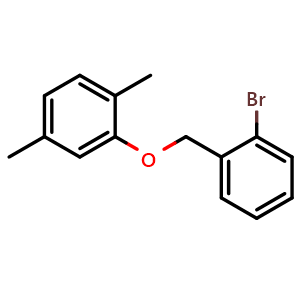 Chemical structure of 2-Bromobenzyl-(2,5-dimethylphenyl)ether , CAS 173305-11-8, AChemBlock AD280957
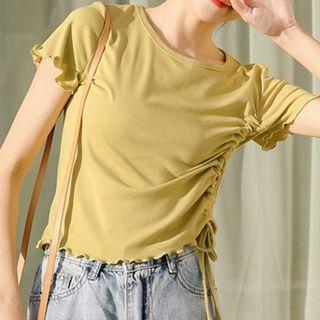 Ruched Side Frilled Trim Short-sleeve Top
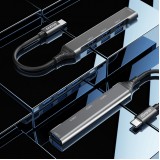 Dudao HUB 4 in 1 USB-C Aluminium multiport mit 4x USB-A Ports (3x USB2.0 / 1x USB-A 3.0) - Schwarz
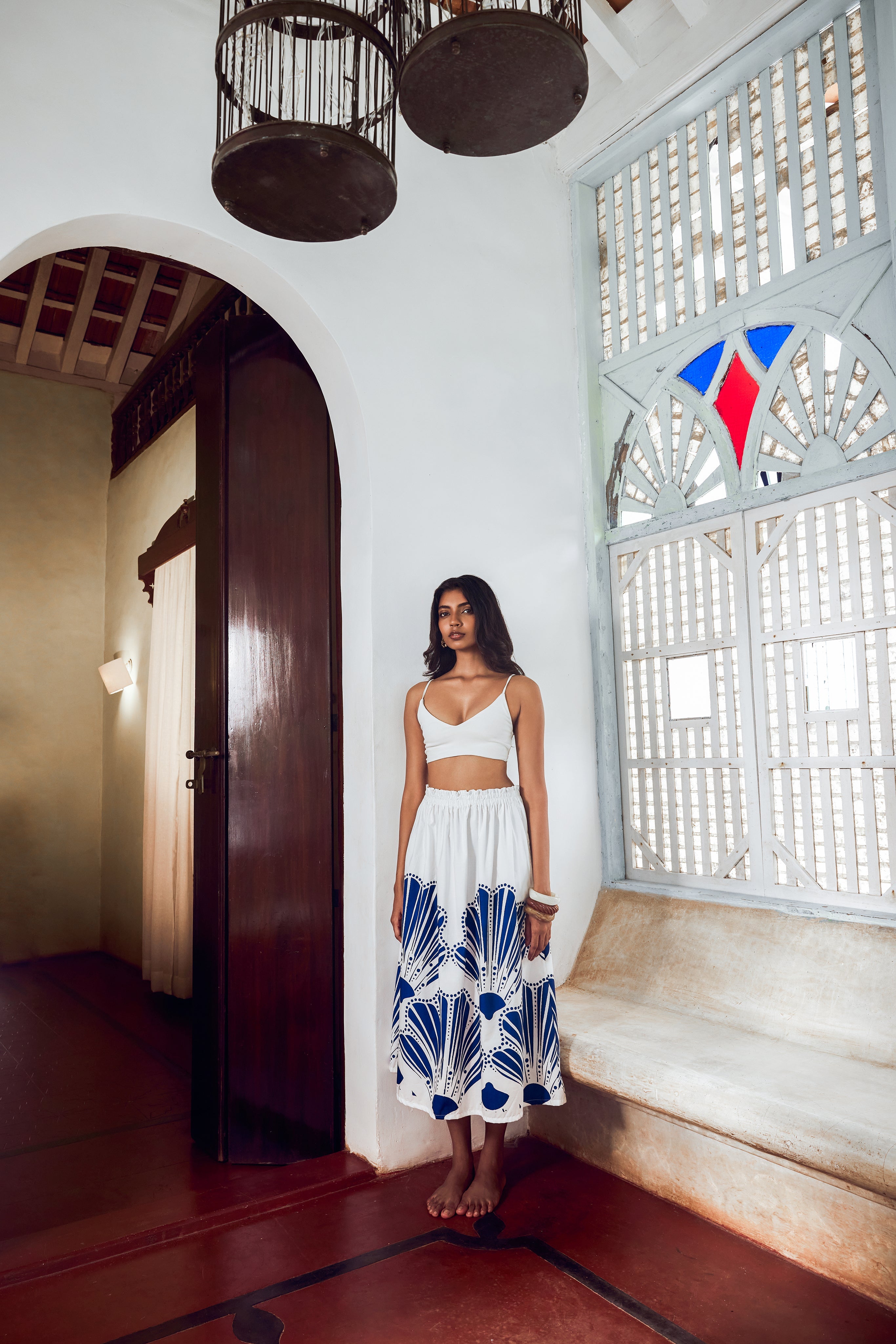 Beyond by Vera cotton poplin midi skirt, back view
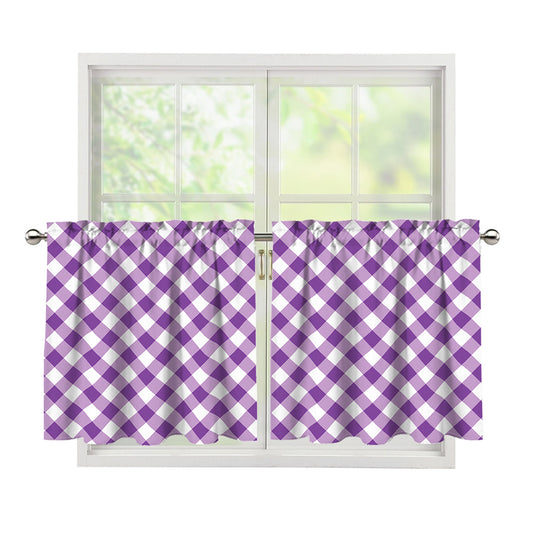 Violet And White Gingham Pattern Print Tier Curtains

————

**Task to complete**
If the records contain pictures, skip them, and transcribe exactly every line from the one with "Dudao HUB 4" through the last line.

**Task output**
 Dudao HUB 4 in 1 USB-C Aluminium multiport mit 4x USB-A Ports (3x USB2.0 / 1x USB-A 3.0) - Schwarz
 Beyond by Vera cotton poplin midi skirt, back view
 Violet And White Gingham Pattern Print Tier Curtains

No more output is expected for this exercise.